College women's sexual victimization & my dissertation's nod to intersectionality
Today, I am using this space to post some never-published findings from the year 2003. Amazingly, that was almost fifteen years ago.
Thankfully, we have come a long way with data visualization and reporting since then, as the teal green PowerPoint slide shown above is one of twenty pages that I printed, cut out (with scissors), and tacked to corkboard for what passed as a poster presentation at yesteryear's conferences.
Here's what took me to the archives. Earlier this month, while working on a peer review of a research report that had been submitted for possible publication in an academic journal, I found myself revisiting the topic of my dissertation: the sexual revictimization of women.
In a nutshell, revictimization refers to the finding that women who report a history of sexual victimization are two to three more times more likely to report subsequent victimization than women with no history of sexual victimization.
Life's not fair. It makes me nuts.
The revictimization phenomenon is robust, with many researchers replicating the pattern of results in multiple studies over a period of years and across many different settings.
The current-day paper that I was reviewing was so similar to my ancient-history dissertation work that I ended up spending several hours re-reading my previous writing on this topic. In the last two sentences of the paper I was reviewing, the 2017 author(s) called for "future research that includes more diverse samples." A sample, perhaps, like my past research.
The call stirred a deep-seated regret that, by not working harder to publish my dissertation study, I had squandered a sample of college women that was notable for its ethnic diversity. Of the 506 college women that enrolled in my study and completed surveys, just 31.1% of them identified as European American.
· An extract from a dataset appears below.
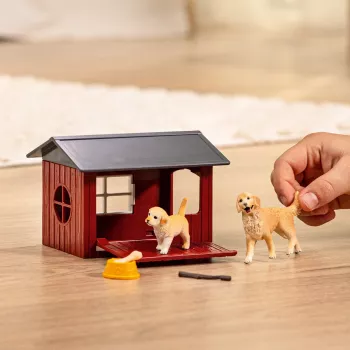 Animal Schleich FARM WORLD Buda dla psa z Golden Retrieverem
And one of the simpler patterns revealed in those data -- merely a "descriptive finding" in my results section -- is that women of different ethnic identities experience different rates of victimization.
In 2005, I presented these findings about ethnicity at the 10th Biennial Conference of the Society for Community Research and Action.
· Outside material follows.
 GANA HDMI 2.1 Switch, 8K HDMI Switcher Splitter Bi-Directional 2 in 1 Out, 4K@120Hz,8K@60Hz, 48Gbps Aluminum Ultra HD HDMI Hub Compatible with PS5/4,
I wanted to share with you, people of the Internet, "my data" that hold me strong to the belief that all forms of oppressions are interconnected such that, for example, racism and ableism and transphobia intersect with sexism to concentrate harm, for example sexual violence, among women with marginalized identities.
Despite the discouraging reality that today's research has not progressed too far from the study I designed in 2002, I remain grateful for today's activists in an increasingly intersectional movement that give hope that yes, prevention is possible; and taking a stand really does matter.